• _YOUR TASK_
Would you retype the lines from the one that holds "Polka Dot Ties" to the final line of the entries below, both ends included and exactly as written, but without pictures?

• _DATA_
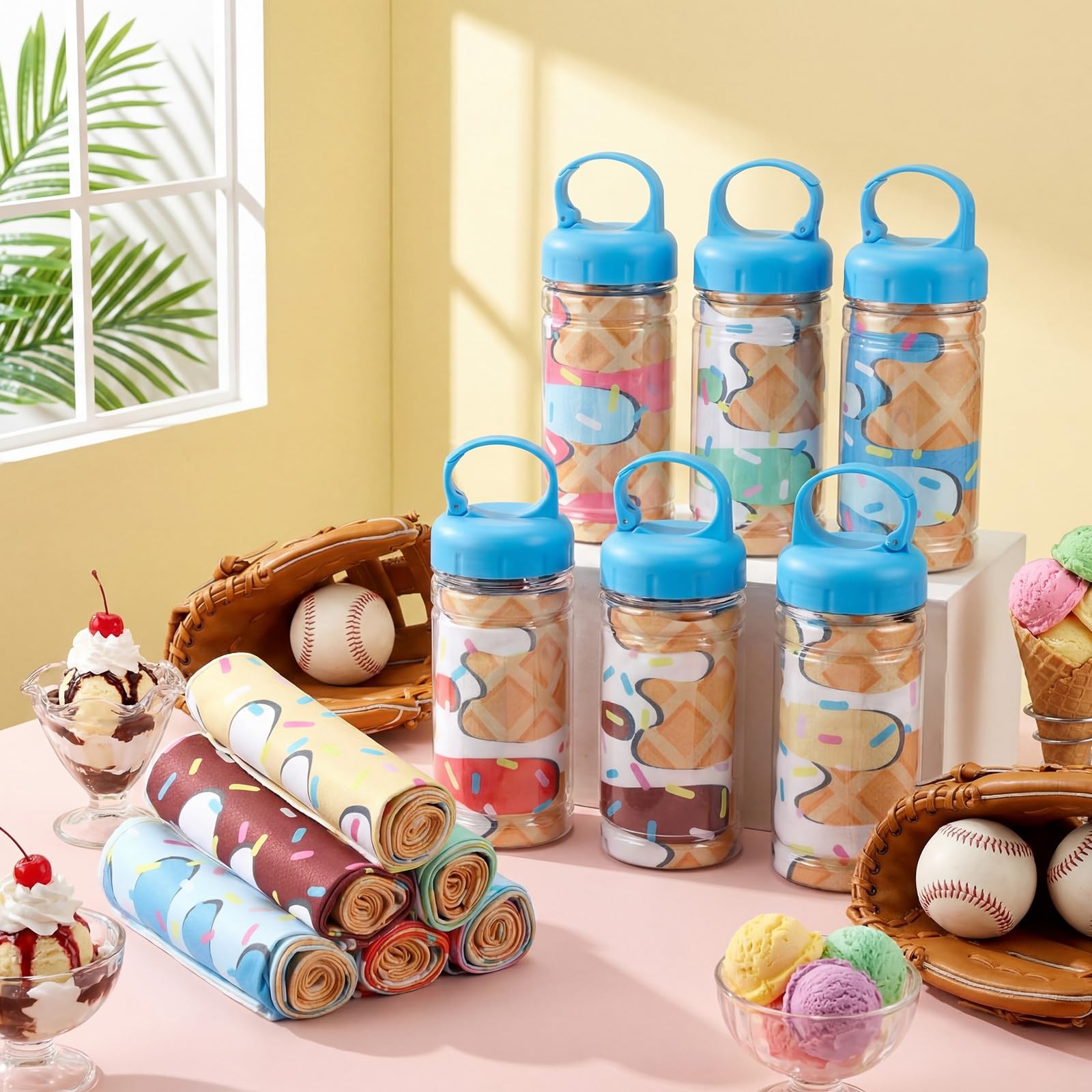 Hahafelt 12 Pack Ice Cream Drip Baseball Cooling Towels For Boys Ice Cream
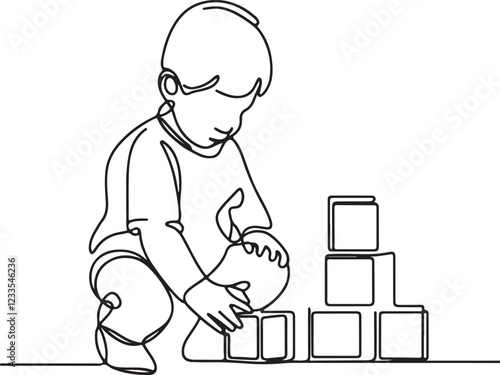 Adorable Toddler Playing with Blocks in Line Art photo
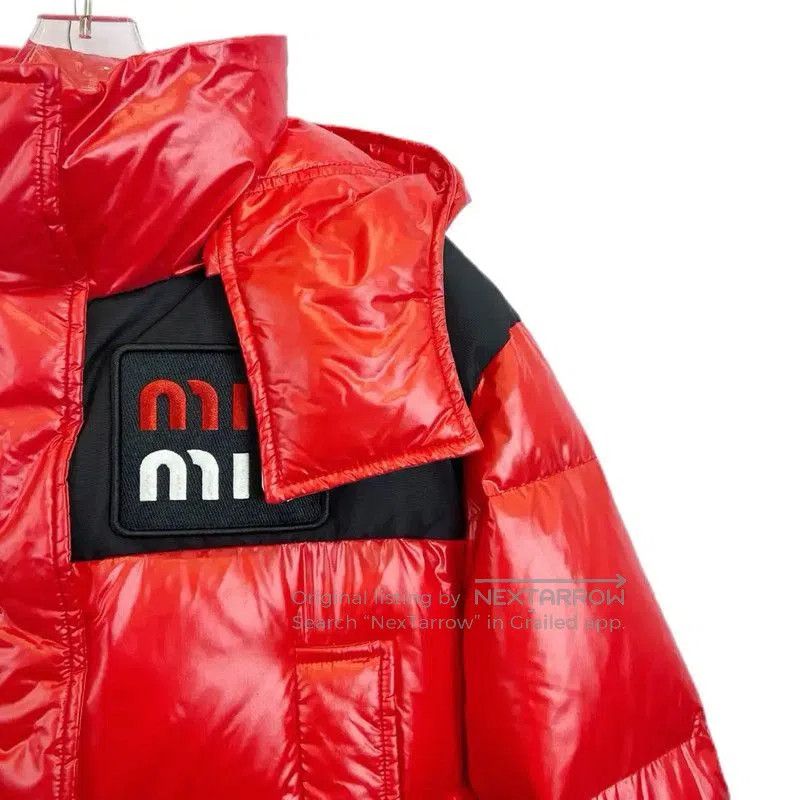 Miu Miu Miu Miu Red Long Puffer Jacket for Women . Size S / US 4 / IT 40 - 3 Thumbnail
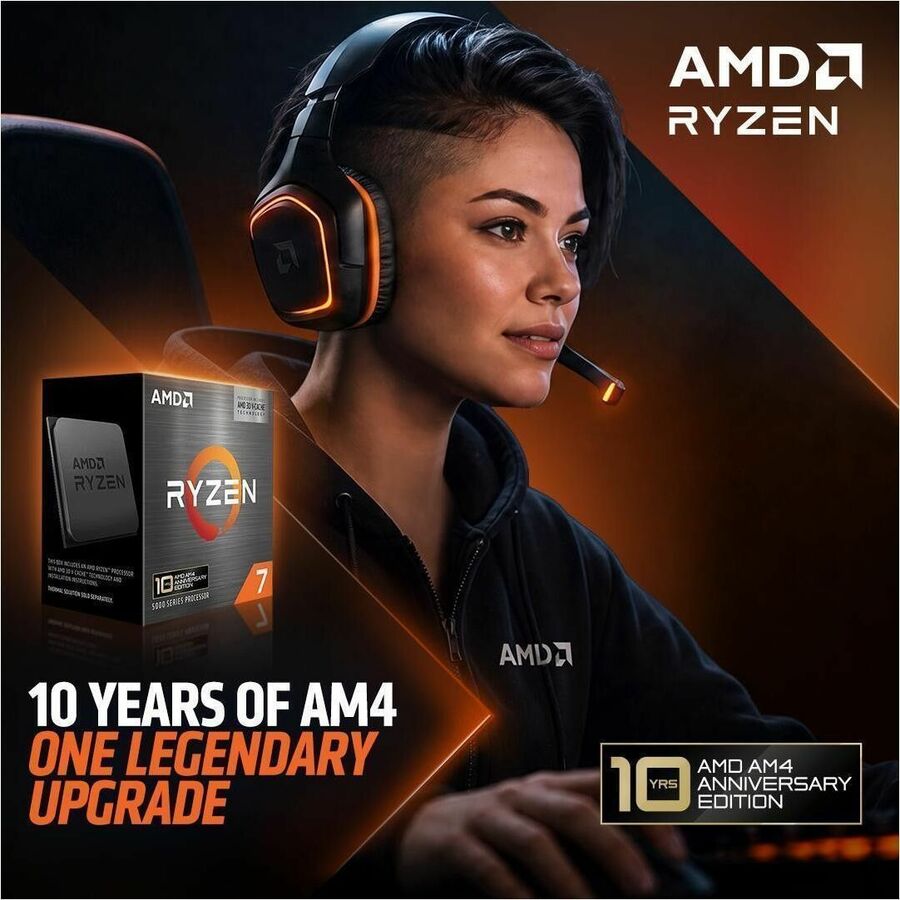 AMD Ryzen 7 processor promo graphic featuring retail box and headset user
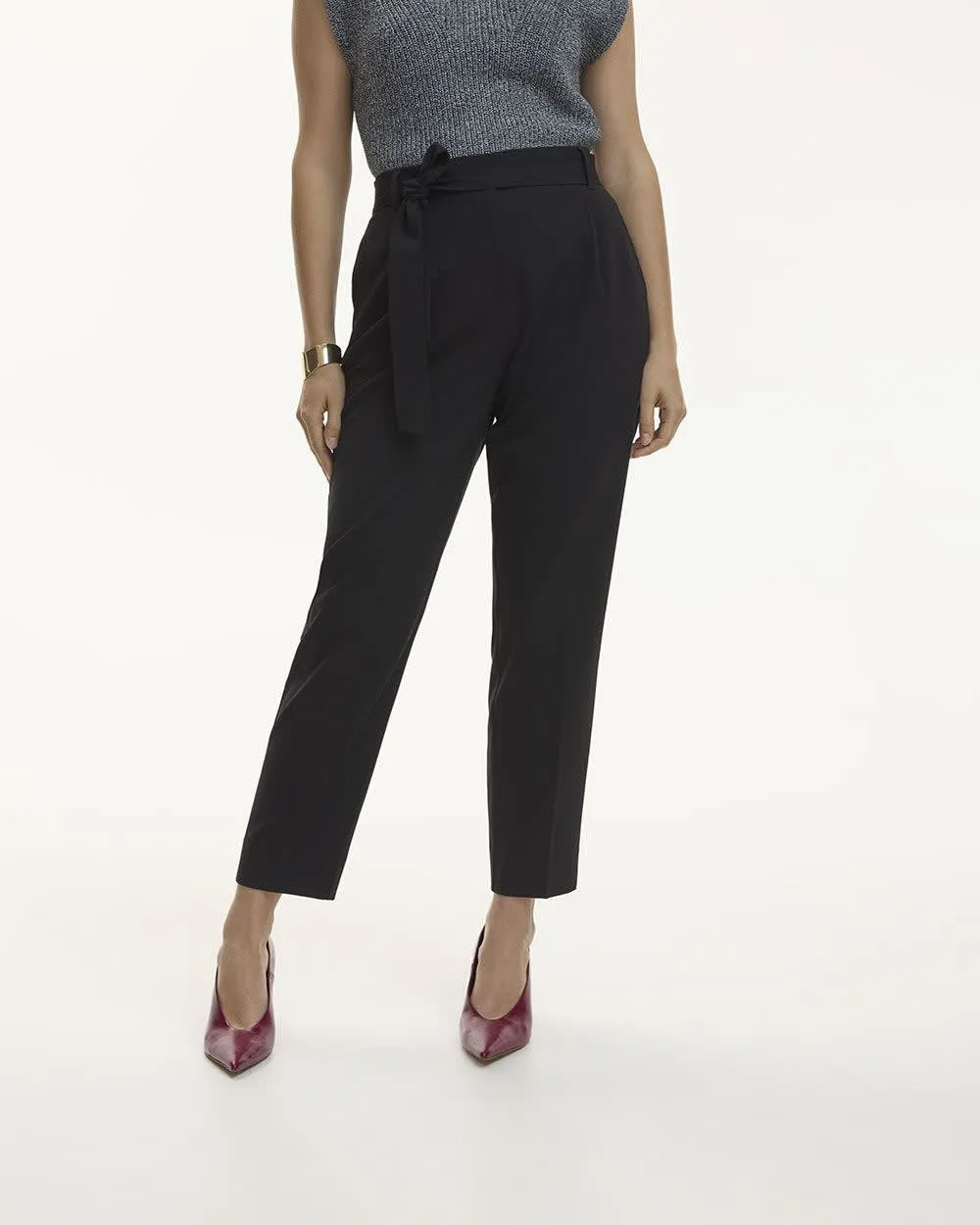 Tapered-Leg High-Rise Pant with Sash - The Timeless sold by Reitmans product image thumbnail 3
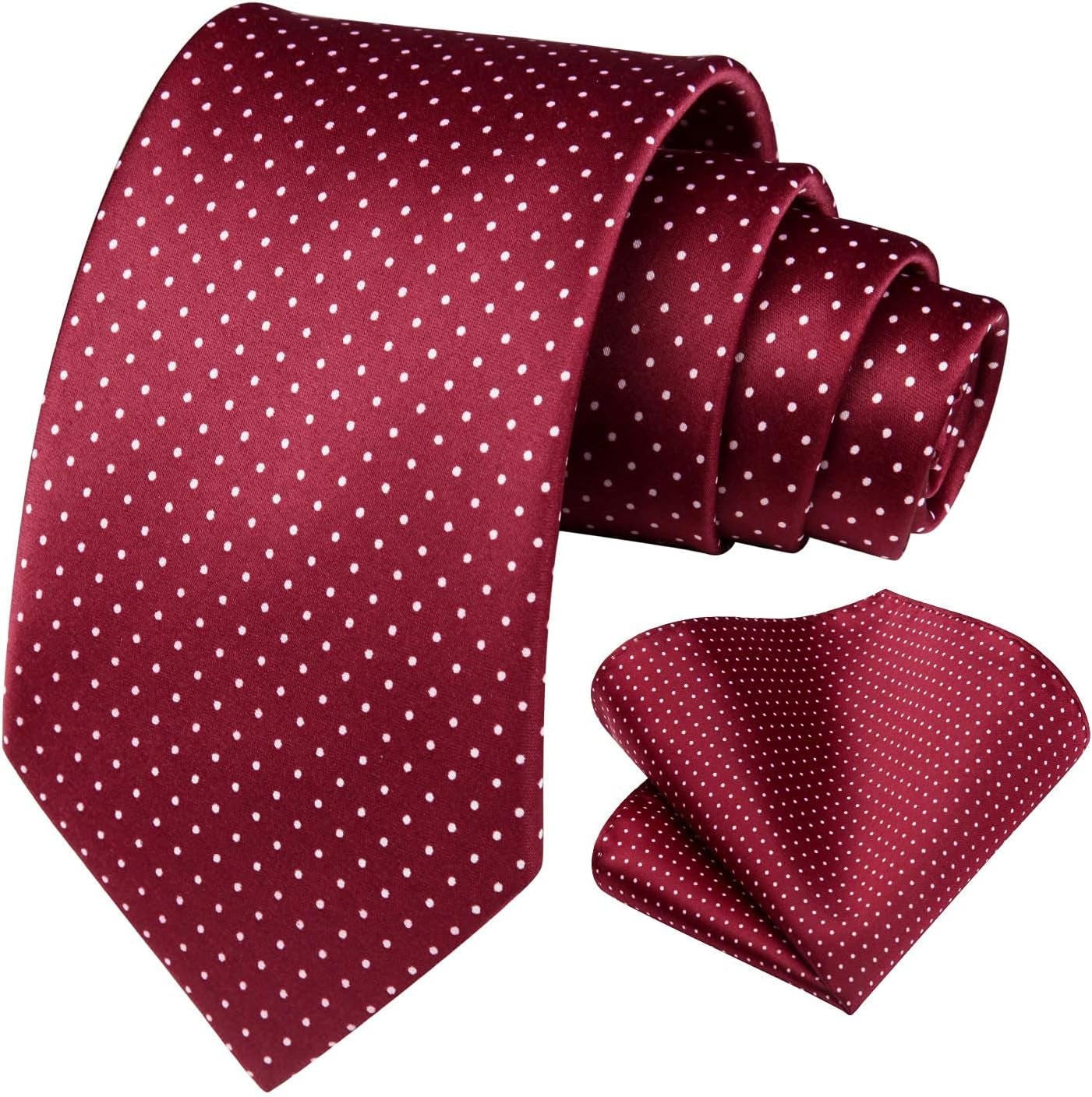 Polka Dot Ties for Men Classic Silk Ties and Pocket Square Formal Business Necktie Handkerchief Wedding Party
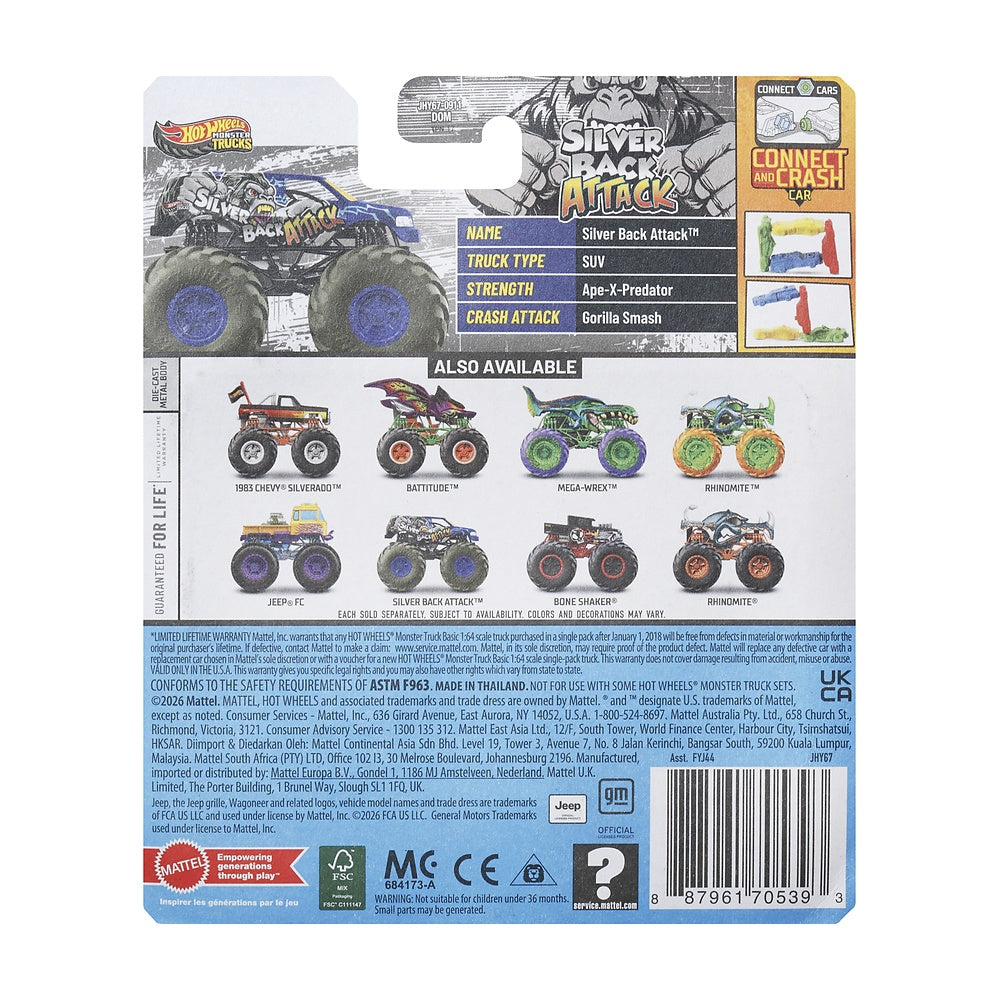 Hot Wheels Monster Truck Escala 1:64 - Silver Back Attack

• _COMPLETED TASK_
 Polka Dot Ties for Men Classic Silk Ties and Pocket Square Formal Business Necktie Handkerchief Wedding Party
 Hot Wheels Monster Truck Escala 1:64 - Silver Back Attack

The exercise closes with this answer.